Well, here we are, a new year upon us. There's something enticing about the whole blank slate quality of the holiday, once you cut past the whole boozing it up/let's see who we can bang tonight quality of the affair (at least for us single folks on the latter part, of course. Or maybe not). In the hopes of not treading into the land of cliche, I'm going to try something for the following year. Yes, like everyone else in the freaking world I want to A) lose weight, B) find my soul-mate (this especially applies to you married folk) and C) do whatever it takes to make a TON of money, even if it means sitting naked on someone's face while spreading goat-lard on their chest (hey, at least I know my limits when it comes to money, and they are FEW...I'm lonely).
So my proposition for this blog: Review 1 movie every day in the year 2010 (the year I make contact...with breasts). Now I'm sure your first reaction would be something like "But, Jim, where do YOU find time to juggle?" Well, in response to that valid query, here are a few ground-rules:
1) I don't have to WATCH one movie per day every day, I just have to write a review for one. Big difference from the watching. I may be an overweight shlub with no chick (not one I'm committed to, anyway...ok, none that are committed to me and that only call at 4 in the morning when they're drunk and their husband is out hunting, ok, fine, but it's better than nothing...weep for me), but I do work (sorry, no mom's basement for me. Like Juliet Lewis in THE OTHER SISTER, I have my own apahtment, ma vewy own apahtment!!...utter trash) and play in a band and...in plays and ... stuff... so I don't have ALL FREAKING DAY to watch movies (Nirvana, my friends. Tell me you haven't watched the special editions of LORD OF THE RINGS straight through from sunup to sundown. Oh, yes. I have...and it's sheer Nirvana). So just the review daily.
2) Obviously, the movies are at my discretion, and there is ABSOLUTELY no rhyme or reason to their choosing. If on a Sunday in June I decide to watch CITIZEN KANE, offering such never-before criticism the likes of which make one cry with gratitude at it's perspicacity that is not unlike a holy epiphany, and then the next day I review GIGLI, well, there it is.
3) The length of the reviews is, of course, my choice, but if you come looking for a review of INDEPENDANCE DAY and simply find the words "PILE OF SHIT" for the review, well, enjoy the extra time spent not reading that review, or simply go watch that "PILE OF SHIT". So yeah, the length will deviate based on a) my passion - good or bad - for the film, b) the amount of Jameson I'm consuming while writing it and c) the frequency of blumkins in my life. Not in that order.

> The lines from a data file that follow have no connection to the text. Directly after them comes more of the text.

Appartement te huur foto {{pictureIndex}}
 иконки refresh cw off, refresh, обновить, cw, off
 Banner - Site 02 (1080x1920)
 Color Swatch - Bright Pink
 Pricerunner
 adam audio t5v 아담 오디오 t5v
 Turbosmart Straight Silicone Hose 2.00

So that's that! As of this moment there are 0! ZERO! readers of this blog, but I'm working on getting some interest from, oh, I don't know, 3 people...maybe 3..ok, 2 people, probably...1. And he's gay, so he's, like, sub-human or something in the eyes of the Lord, Alabama and Republicans, so depending on who you are, it's may be, like, 1/2 a person...I'm gonna go drink some cow's blood now. Save me the aisle seat, bitch!